There are many men ‘with style’, admits Sims. Most are not famous. Instead they are captured in ‘street style’ – a category of photography that has taken social media by storm. However, what draws the eye isn’t merely an appreciation of fashion. Keeping up to date with fashion is easy, but dressing with personal style is altogether harder.

“It requires an appreciation for form, colour, texture and composition; an artist’s perspective, if you like, applied to whatever one picks out of one’s wardrobe each morning, quite possibly at a time when thinking clearly about the triviality of what to wear is not high on the day’s agenda”, says Sims.

Certainly, dressing with style doesn’t have to result in a look that is ‘radical’. In fact, the golden rule of style is still the one laid down by Coco Chanel – to dress in a ‘timeless’ fashion. According to Sims, men should also have a willingness to play with what they’re wearing – with details, an accessory or a way of wearing something.

“Fred Astaire, for example, was at heart a conservative dresser: but using a tie instead of a belt, or a pin to hold the opening of his shirt in place, was all it took him to make him a man of style”.

So must you obsess over clothes to be called stylish? According to Sims, a ‘man of style’ claims to have little interest in clothes, for he only wears what he knows suits him. Take Steve McQueen, for example, he “wasn’t about to let historic accuracy stand in the way of his desire to sport trim, more form-fitting khakis in The Great Escape. For men of style, their clothes are simply what they wear; for onlookers, however, it appears as a form of branding, a sartorial signature”.
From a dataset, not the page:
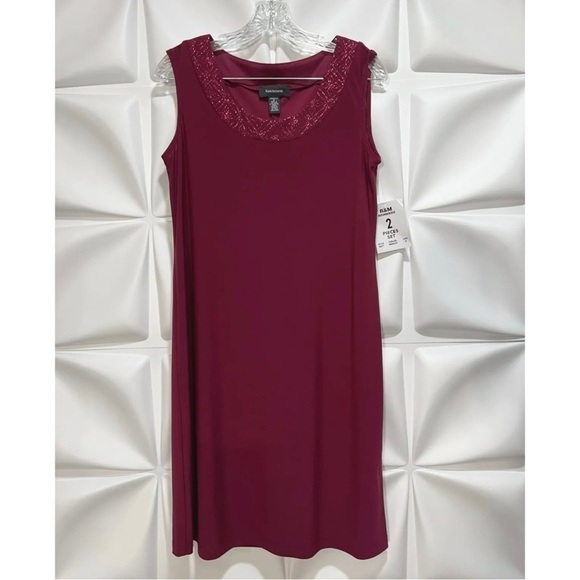 R&M Richards Sz S Red Slinky Glitter Swing Jacket and Shift Dress Formal Set - Picture 7 of 15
In today’s world, it is accepted that men embrace fashion, and that has transformed the male wardrobe as a result. There have been changes – both industrial and social – from the way the fashion business manufactures and markets its products, to the way men of all ages are now allowed to care for their appearance and dress in styles of the season.
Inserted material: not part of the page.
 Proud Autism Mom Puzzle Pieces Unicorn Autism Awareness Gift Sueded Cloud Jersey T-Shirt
Sims does admit it was a tad easier to be branded a fashion icon back in the day, ” they belong to an age when, as far as men had anything more than a practical relationship with their dress style, was all there was. You either had it – and ideally, the public profile to make it known – or you didn’t. One wasn’t in competition with today’s world, in which so many more men are concerned about the way they present themselves”.

The most important aspect of good style, however, is confidence. Wear what you think looks good with bravado and swagger, and you can’t help be stylish. Sims do offer one last piece of advice, know who you are and wear what you want, because “ultimately, this is what lasts (and, of course, it helps if you’re devilishly handsome and/or overflowing with charisma, too).